L’image des réfugiés fuyant sur la route des Balkans se traduit souvent de la façon suivante. Une masse d’hommes en mouvement, comparable à des meutes de loups solitaires qui se rassemblent pour atteindre l’objectif final : remporter la partie , c’est-à-dire rejoindre la frontière.

Dans les villages et les villes du canton d’Una Sana,situés en Bosnie-Herzégovine, à quelques kilomètres de la frontière avec la Croatie, les hommes sont les sujets les plus visibles. Depuis 2018, la plupart d’entre eux vivent dans des "jungles", qui sont des camps improvisés situés dans des bâtiments abandonnés, souvent loin des centres habités.

D’autres vivent dans le camp militaire de Lipa, sur un plateau à une trentaine de kilomètres de la ville de Bihac, où l’OIM, l’Organisation internationale pour les migrations, va bientôt rouvrir un centre d’accueil temporaire. Ils restent en Bosnie à cause des refoulements de la police croate qui les ont battus, volés et finalement reconduit, souvent sans chaussures, sans téléphone et sans veste.

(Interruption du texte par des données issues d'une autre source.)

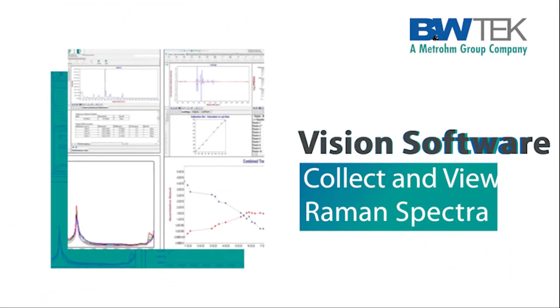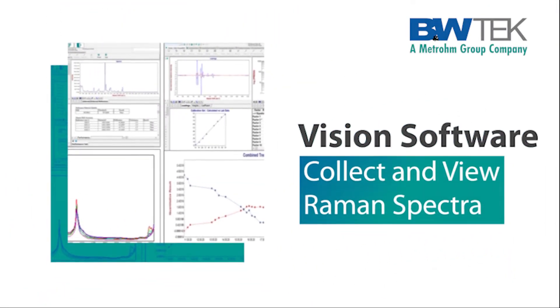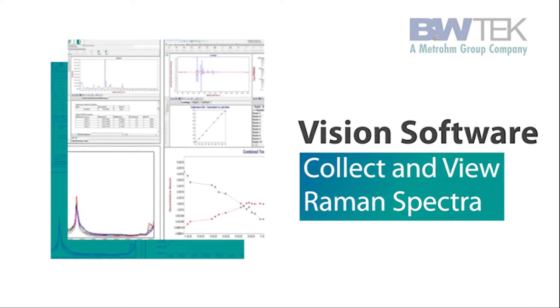Hi, I'd like to show you how to collect and view Raman spectra within the VISION software.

Les refoulements de la police croate sont presque toujours violents et abusifs. Souvent, la police saisit des téléphones, des chaussures et des sacs à dos. Elle frappe certains migrants et les enferme sans eau ni nourriture, même pendant des jours, et les expulse vers la Bosnie à jeun et sans vêtements. Mais il n’y a pas que les hommes qui essaient de "remporter la partie" et subissent des rejets.

Assia
Boina, Bosnie -petite fille dans un camp près de la frontière © Alessandra Fuccillo

Les femmes de la route des Balkans existent, elles sont nombreuses et épuisées

Les migrantes existent bel et bien sur la route des Balkans. Ces femmes sont nombreuses et extenuées .Elles prennent souvent du retard pour des causes culturels ou liées à leurs états de santé .D’autres fois, elle perdent du temps parce qu’elles s’occupent des enfants. Jusqu’à il y a quelques mois, les témoignages des réfugiés rejetés s’accordaient sur un fait : les rares femmes, qui essaient de remporter "la partie", n’étaient pas soumises à la fureur de la police. Aujourd’hui, nous savons avec certitude que ce n’est plus vrai: les femmes que nous avons rencontrées ont été volées, battues, humiliées et insultées à plusieurs reprises par des policiers croates et vivent souvent dans des situations de proximité forcée avec d’autres groupes ethniques qui aggravent la situation.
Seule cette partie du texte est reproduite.